The latest figures show that, of the total earnings from leather in financial year 18, the Export Promotion Bureau (EPB) calculated that leather products earned $336.8 million – a year-on-year fall of 27% – even if leather footwear bucked the downward trend, growing by over 5% to $565.6 million in the last fiscal year.
Leather accounts for 3% of total Bangladeshi exports, bringing in $1.08bn for the fiscal year 2018. However the relocation scheme, which has seen tanneries moved out of Hazaribagh in Old Dhaka to new, purpose-built parks such as the one at Savar Leather Industrial Park to the north of Dhaka, has slowed production while the moves take pace.

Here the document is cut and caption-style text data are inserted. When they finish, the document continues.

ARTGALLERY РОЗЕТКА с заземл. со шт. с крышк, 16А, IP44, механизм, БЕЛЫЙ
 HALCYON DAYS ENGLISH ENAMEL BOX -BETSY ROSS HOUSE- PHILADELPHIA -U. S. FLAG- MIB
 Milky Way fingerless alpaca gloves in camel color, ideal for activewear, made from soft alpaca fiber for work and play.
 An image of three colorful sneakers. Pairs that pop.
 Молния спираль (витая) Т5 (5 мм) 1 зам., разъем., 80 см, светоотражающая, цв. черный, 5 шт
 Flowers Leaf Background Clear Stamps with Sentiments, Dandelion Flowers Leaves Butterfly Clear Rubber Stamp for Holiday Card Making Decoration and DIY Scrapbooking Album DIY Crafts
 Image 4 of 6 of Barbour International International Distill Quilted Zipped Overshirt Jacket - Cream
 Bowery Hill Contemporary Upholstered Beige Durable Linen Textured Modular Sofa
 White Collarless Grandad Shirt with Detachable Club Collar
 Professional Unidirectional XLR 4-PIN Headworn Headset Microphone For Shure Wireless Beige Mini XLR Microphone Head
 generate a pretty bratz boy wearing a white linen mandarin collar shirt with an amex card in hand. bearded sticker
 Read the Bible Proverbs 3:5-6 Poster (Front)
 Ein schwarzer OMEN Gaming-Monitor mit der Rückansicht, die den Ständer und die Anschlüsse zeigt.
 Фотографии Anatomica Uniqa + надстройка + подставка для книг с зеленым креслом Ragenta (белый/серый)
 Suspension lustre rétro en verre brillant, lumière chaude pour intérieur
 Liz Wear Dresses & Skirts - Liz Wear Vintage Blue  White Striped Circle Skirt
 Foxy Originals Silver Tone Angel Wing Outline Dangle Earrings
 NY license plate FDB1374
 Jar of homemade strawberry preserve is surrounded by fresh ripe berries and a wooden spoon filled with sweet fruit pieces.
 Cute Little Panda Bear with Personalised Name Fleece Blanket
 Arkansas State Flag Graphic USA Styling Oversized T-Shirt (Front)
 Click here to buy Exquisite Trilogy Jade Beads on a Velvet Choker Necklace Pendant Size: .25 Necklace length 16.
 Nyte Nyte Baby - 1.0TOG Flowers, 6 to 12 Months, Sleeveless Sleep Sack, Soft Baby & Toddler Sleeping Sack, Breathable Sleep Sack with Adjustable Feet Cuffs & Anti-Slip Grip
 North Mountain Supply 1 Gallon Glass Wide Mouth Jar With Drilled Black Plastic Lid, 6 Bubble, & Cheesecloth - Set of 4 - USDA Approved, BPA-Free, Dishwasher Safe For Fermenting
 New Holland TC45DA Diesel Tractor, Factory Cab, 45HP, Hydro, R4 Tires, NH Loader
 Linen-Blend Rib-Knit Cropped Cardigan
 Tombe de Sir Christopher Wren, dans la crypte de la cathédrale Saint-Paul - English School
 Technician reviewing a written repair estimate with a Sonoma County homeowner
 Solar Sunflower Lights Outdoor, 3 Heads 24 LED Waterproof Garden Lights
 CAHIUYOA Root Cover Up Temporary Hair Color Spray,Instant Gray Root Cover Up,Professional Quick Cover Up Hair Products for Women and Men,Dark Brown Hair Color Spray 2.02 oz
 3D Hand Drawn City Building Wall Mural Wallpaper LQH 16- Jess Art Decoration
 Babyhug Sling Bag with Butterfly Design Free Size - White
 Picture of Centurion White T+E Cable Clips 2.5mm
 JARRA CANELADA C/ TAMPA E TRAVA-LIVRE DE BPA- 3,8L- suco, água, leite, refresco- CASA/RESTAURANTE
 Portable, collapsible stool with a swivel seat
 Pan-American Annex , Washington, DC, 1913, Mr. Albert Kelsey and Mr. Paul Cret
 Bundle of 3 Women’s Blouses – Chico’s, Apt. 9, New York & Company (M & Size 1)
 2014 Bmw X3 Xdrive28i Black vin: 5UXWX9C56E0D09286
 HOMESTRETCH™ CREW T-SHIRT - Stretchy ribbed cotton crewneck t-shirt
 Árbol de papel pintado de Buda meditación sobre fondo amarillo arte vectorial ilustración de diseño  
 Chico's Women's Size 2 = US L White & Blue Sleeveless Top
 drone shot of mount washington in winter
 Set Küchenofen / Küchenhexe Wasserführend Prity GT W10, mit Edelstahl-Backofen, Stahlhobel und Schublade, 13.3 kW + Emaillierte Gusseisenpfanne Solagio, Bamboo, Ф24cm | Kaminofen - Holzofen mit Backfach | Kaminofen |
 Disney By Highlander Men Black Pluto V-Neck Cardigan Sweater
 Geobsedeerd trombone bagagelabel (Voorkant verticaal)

"The majority of factories are yet to resume manufacturing since the relocation,” Md Shakawat Ullah, the general secretary of the Bangladesh Tanners Association (BTA), told the Dhaka Tribune.
"So far only 110 tanneries have restarted production [and] because of that, the production rate is low and that is why export earnings were lower.”
The export figures weren’t helped by continued growth in the popularity of rexine – a strong coated cloth which imitates leather and is especially useful for upholstery and bookbinding.
"Rexine and synthetic products are grabbing the market of leather products as they cost less," said MA Majed, an adviser to Bangladesh Finished Leather, Leather Goods and Footwear Exporters Association.